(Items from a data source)
▼▼▼
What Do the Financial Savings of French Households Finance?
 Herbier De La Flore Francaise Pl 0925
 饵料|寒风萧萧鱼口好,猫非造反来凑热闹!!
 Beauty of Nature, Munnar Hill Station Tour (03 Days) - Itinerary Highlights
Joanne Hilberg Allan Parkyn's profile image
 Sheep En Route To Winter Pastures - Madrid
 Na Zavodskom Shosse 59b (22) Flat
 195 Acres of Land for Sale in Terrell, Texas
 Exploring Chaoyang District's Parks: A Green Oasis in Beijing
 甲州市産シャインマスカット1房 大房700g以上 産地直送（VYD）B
▲▲▲
▸ THE PROBLEM:
Transcribe every record. Match each line exactly.

▸ TASK ANSWER:
What Do the Financial Savings of French Households Finance?
 Herbier De La Flore Francaise Pl 0925
 饵料|寒风萧萧鱼口好,猫非造反来凑热闹!!
 Beauty of Nature, Munnar Hill Station Tour (03 Days) - Itinerary Highlights
Joanne Hilberg Allan Parkyn's profile image
 Sheep En Route To Winter Pastures - Madrid
 Na Zavodskom Shosse 59b (22) Flat
 195 Acres of Land for Sale in Terrell, Texas
 Exploring Chaoyang District's Parks: A Green Oasis in Beijing
 甲州市産シャインマスカット1房 大房700g以上 産地直送（VYD）B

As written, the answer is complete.